Pour faire référence à Slavoj Žižek, les ex-présidents maintiennent une distance cynique entre leurs croyances et leurs actions – le monde les a rendus cyniques à juste titre, mais leurs méfaits visent à le refléter dans le monde, et non à démanteler le système produisant le cynisme. Ce ne sont pas des Robin des Bois. Ils sont là pour eux-mêmes. Leur but n’est pas la redistribution, mais l’accumulation. Pour reprendre la paraphrase de Fisher de Žižek, le groupe, comme beaucoup d’entre nous dans une société capitaliste, désavoue l’idée que l’argent vaut plus que les humains, pourtant ils traitent l’argent comme s’il « avait une valeur sacrée. De plus, ce comportement dépend précisément sur le désaveu préalable – nous ne pouvons fétichiser l’argent dans nos actions que parce que nous avons déjà pris une distance ironique envers l’argent dans nos têtes. »

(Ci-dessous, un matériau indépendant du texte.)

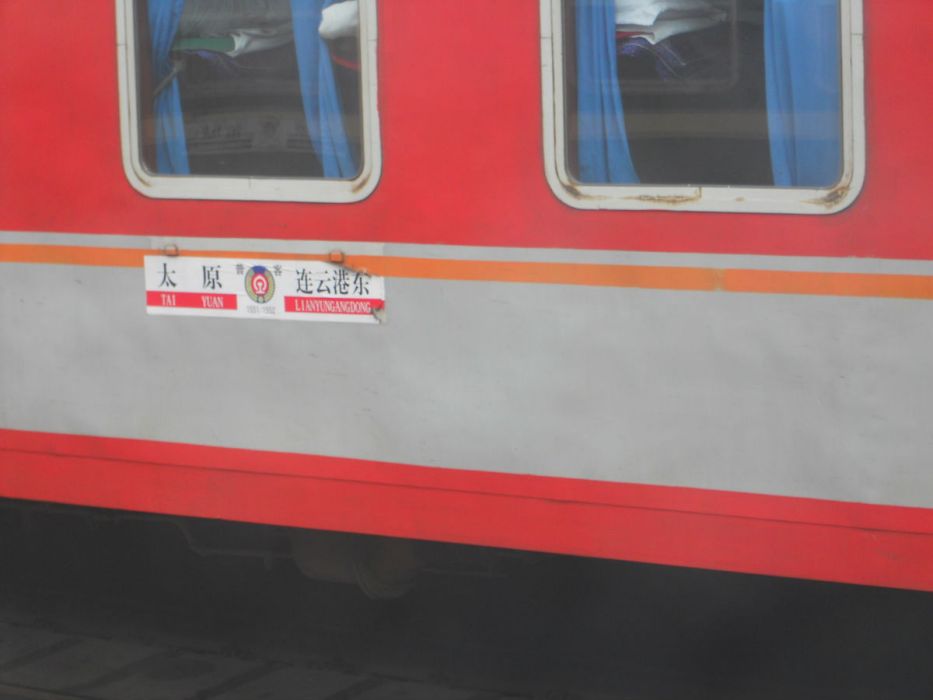 1551次列車 1551次列車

Point de ruptureLa fin de est tragique pour des raisons littérales et métaphoriques : Bodhi (abréviation de Bodhisattva, ou quelqu’un qui marche sur le chemin de l’illumination) meurt en chevauchant une vague massive et insurmontable. Mais pour lui, but et argent deviennent synonymes. C’est comique que le gourou n’ait jamais cessé de réfléchir à cette déconnexion. Johnny se rend compte qu’il ne veut plus être un agent de l’État (ce qu’il n’est devenu que parce que ses rêves de NFL ont été brisés) après avoir vu ou participé à la mort de plusieurs personnes.
Point de rupture met en place un binaire, les deux faces d’un jeu sans fin.
Mais Bodhi avait raison sur une chose : dans ce jeu, nous perdons tous.